Dass die STED-Mikroskopie immer noch nicht im Forschungsalltag angekommen ist zeigt sich auch an der umfangreichen Besprechung der Methoden, die getestet wurden. Aber die Kollegen haben, nachdem ihr System dann endlich lief, auch verschiedene Hypothesen getestet, die die Bewegung der Vesikel in der Nervenzelle betreffen. Es wird nämlich unter anderem noch diskutiert, ob sich die Vesikel eher durch Diffusion, oder gerichtet z. B. entlang von Elementen des Cytoskeletts bewegen.
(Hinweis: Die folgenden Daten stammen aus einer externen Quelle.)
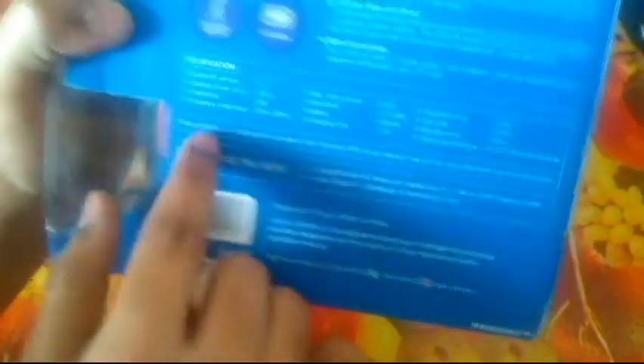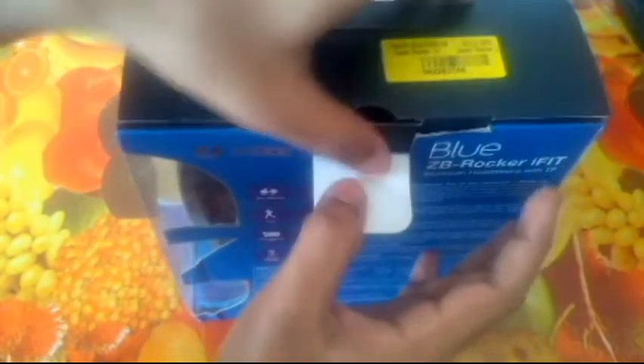Playback time is 4 to 6 hours, call time is 8 to 10 hours, standby time is 10 hours, and it can operate up to 32 feet — about 10 meters, which is standard. Inside the box you get the headphones, charging cable, user guide, and a certificate. It says designed in France and made in China, so Zouk appears to be a French company, not an Indian one. I'm pretty impressed with the packaging.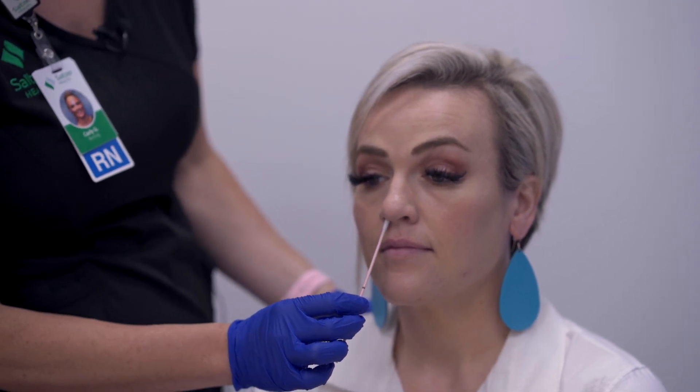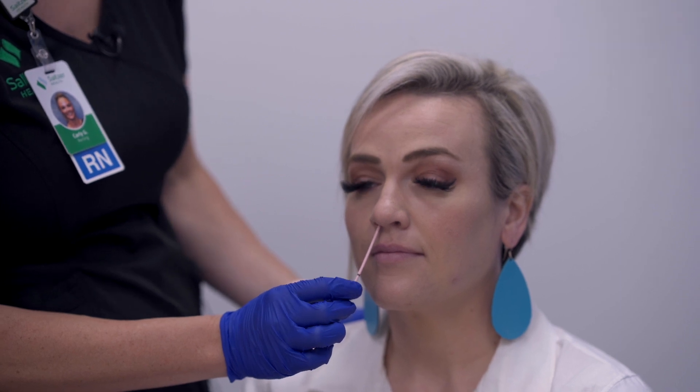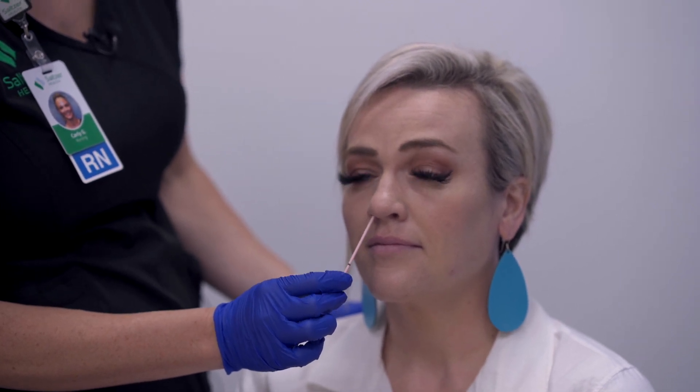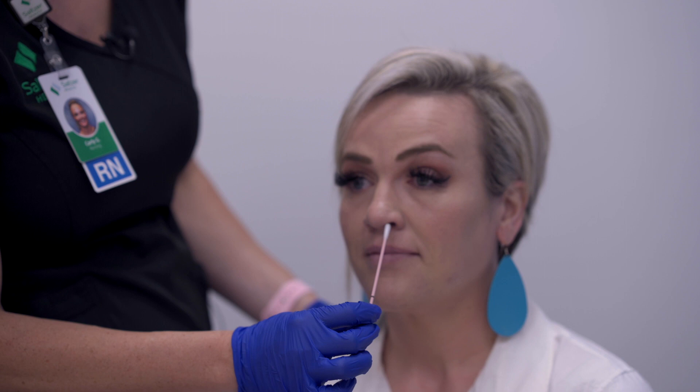Go right in until you feel a little resistance, then circle the side of the nose for about five seconds, making sure you're getting the side of the nostril. Go ahead and pull out and repeat on the second side.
Oder ob es vielleicht eine Mischung daraus ist. Und wie sich herausstellt, handelt es sich um letztere Möglichkeit: Indem sie Richtung und Geschwindigkeit einzelner Vesikel maßen, fanden die Kollegen drei Gruppen. Vor allem in den Synapsenendknöpfchen liegen viele Vesikel einfach nur faul herum, ohne sich zu bewegen. In den Axonen gab es dagegen jede Menge Vesikel, die sich schnell und gerichtet bewegten. Als dritte Gruppe fanden sie Vesikel, die sich langsam und ungerichtet bewegten - durch Diffusion eben. Dass es sich tatsächlich um Diffusion, und nicht um einen langsameren Transport entlang des Cytoskeletts handelt, zeigten sie durch dessen Störung: Ohne ein funktionierendes Cytoskelett ging die Durchschnittsgeschwindigkeit der Vesikel nach unten, weil der aktive Transport ausfiel. Trotzdem blieb der langsamere, ungerichtete Transport erhalten, der dann wohl wirklich durch Diffusion zustande kommt.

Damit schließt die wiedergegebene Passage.